I feel so dumb and ridiculous because I'll turn 30 next year and I've amounted to nothing in life besided neeting. At the same time I know I couldn't bring myself to do anything productive because I'm not well mentally. People think I'm just lazy but only I know what I go through every day in my mind. It's a struggle to survive with my brain each day but it doesn't stop me from feeling terrible.
Yeah I knew someone who was a neet. Younger than you but still going through the same emotions. This has been the worst year of my life, I don't know objectively, but it's how I feel. 28 and haven't really accomplished anything far as I know. I have virtual copes, music being one of them. We're not "lazy" we're broken and fed up I think.
2024 has been crystallising, clarifying.
I found my path after 5+ years of searching and failing. After struggling and doubting for so long, I finally knew what there was for me to do in life, with my personality and history, and knew it was right for me and for the world, my destiny, my way to be good and thrive and benefit myself and others, be free from all the things I hate in the world, be myself, be what I want to be, grow and evolve and become better and wiser and learn to be a true powerful force for good. Be with the people like me and who I like and want to be around and learn from. Have true community, true brother- and sister-hood, true companionship, with people who understand the truth.
Almost simultaneously with finding this path, I also found that it might not be possible for me to pursue it, that I might be kept from it by bullshit bureaucracy and politics. Accepting that that may well happen meant I became suicidal. I have always had suicide inside me since a long time, but now I know it is my other option. If I can't follow my path, I don't want any other kind of life. It would be impossible now that I know that I had a path, if it was denied me, to carry on. So I will go.
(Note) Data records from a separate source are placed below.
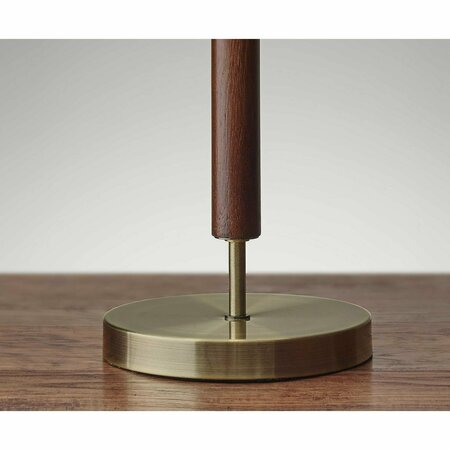 Homeroots Walnut Wood & Metal Table Lamp15 x 7 x 26.25 in. 372570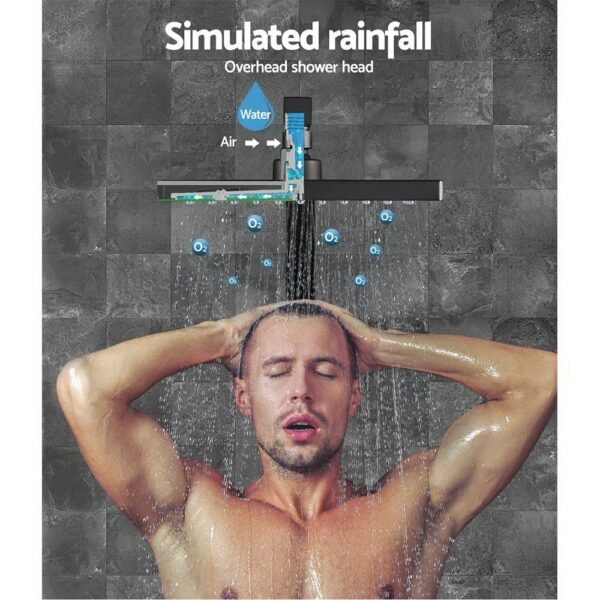 WELS 8 Rain Shower Head Set Bathroom Gooseneck Square Taps Hand Held High Pressure DIY" - Image 3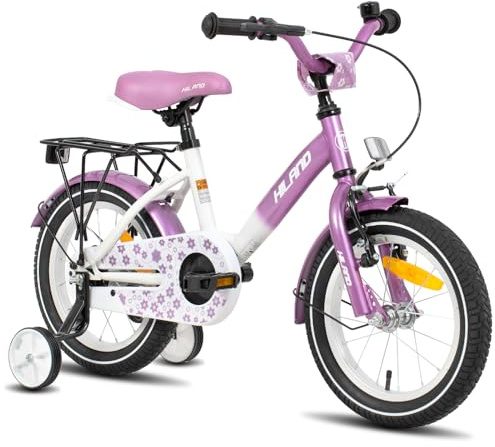 HILAND Starry 12/14/16 Zoll Kinderfahrrad, Mädchenfahrrad mit Stützrädern, Rosa/Lila Kinderfahrrad Handbremse Rücktrittbremse Gepäckträger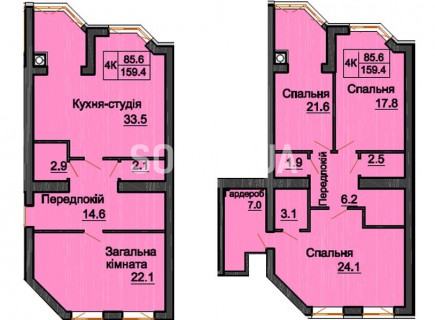 Двухуровневая квартира 159,4 м/кв  - ЖК София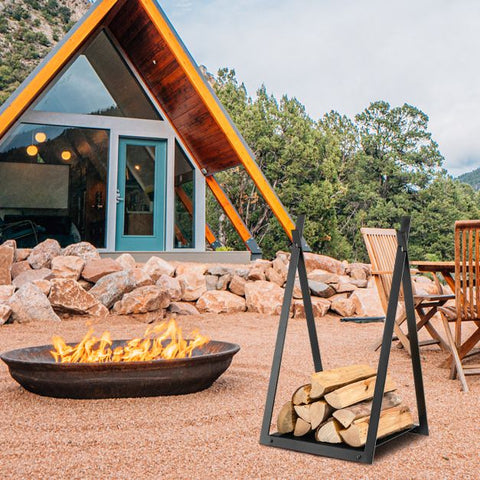 Black Firewood Log Rack with Sturdy Bottom Panel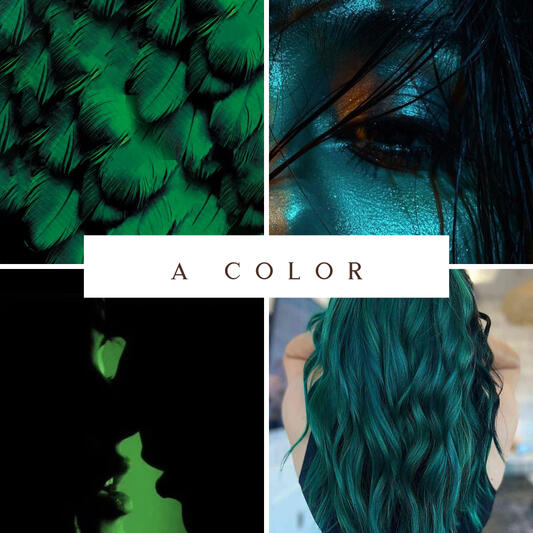 Collage of phtalo/teal images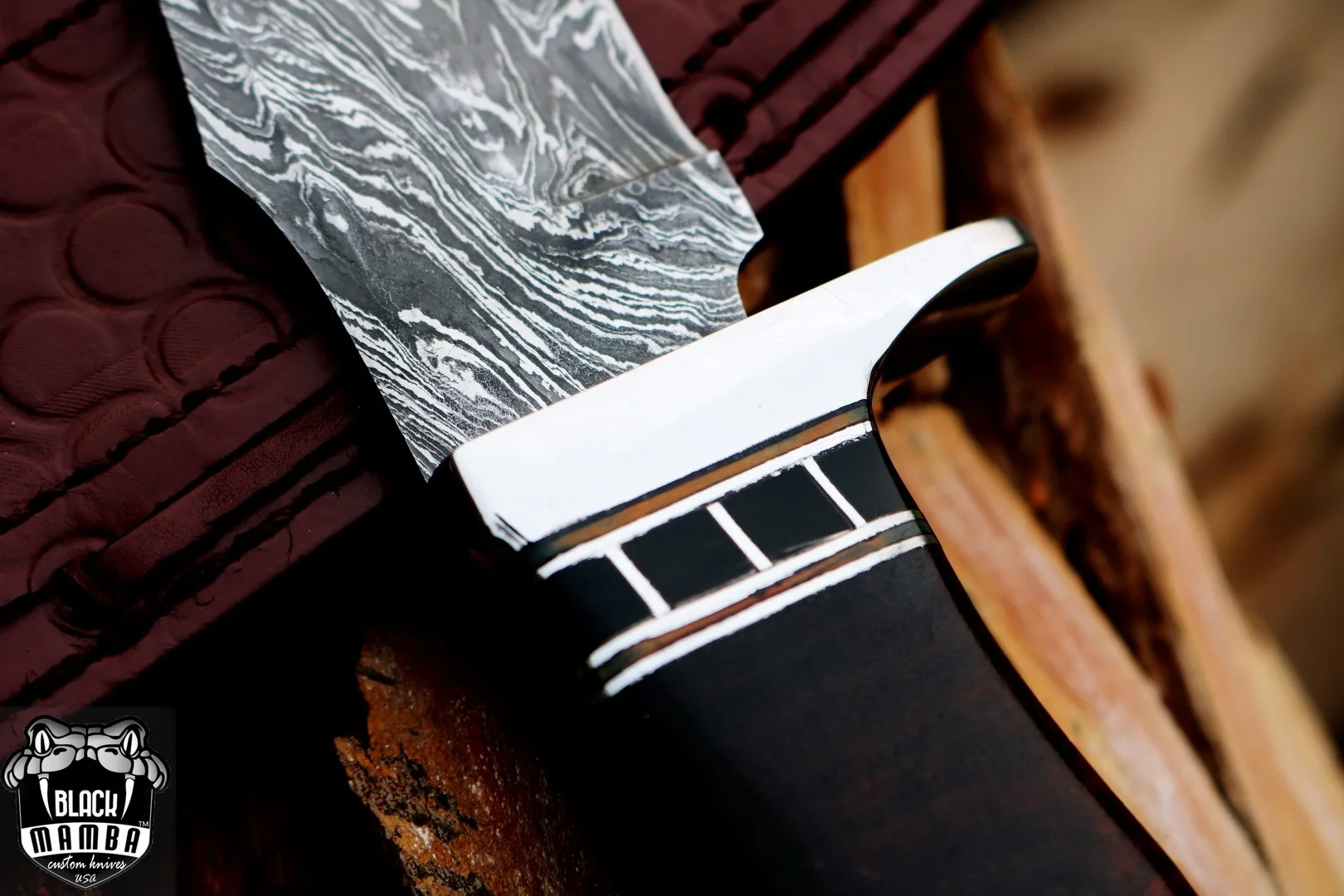 Python Snake - Damascus Bowie Knife, 9.5″ Overall - view 9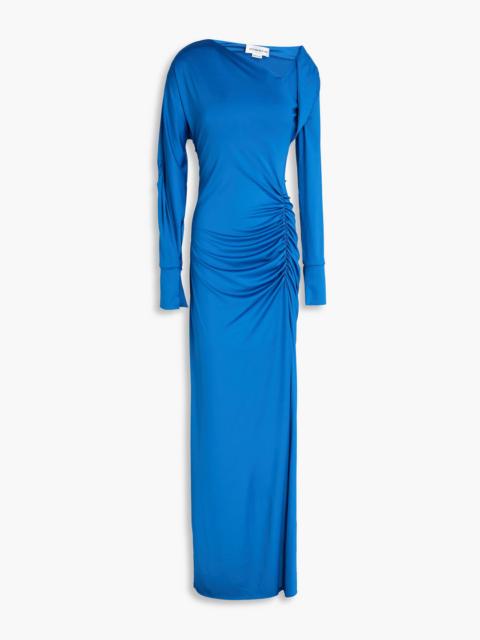 Victoria Beckham Asymmetric ruched stretch-jersey maxi dress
So in 2024 I have spent the happiest months of my life (Jan-April, and August) and the most depressed and despairing and miserable (Oct-now). I've spent the time from October really coming to terms with the fact that if I don't get to do this then I am going to die. Right now that feels very peaceful.
I'm so sorry for everyone who has had a year of unrelenting misery
This was a year where I gave into my depression and stopped caring about pretty much anything. Add being taken advantage of at work, and a failing relationship. I can't think of one day in the last 6-8 months I didn't consider can at least once.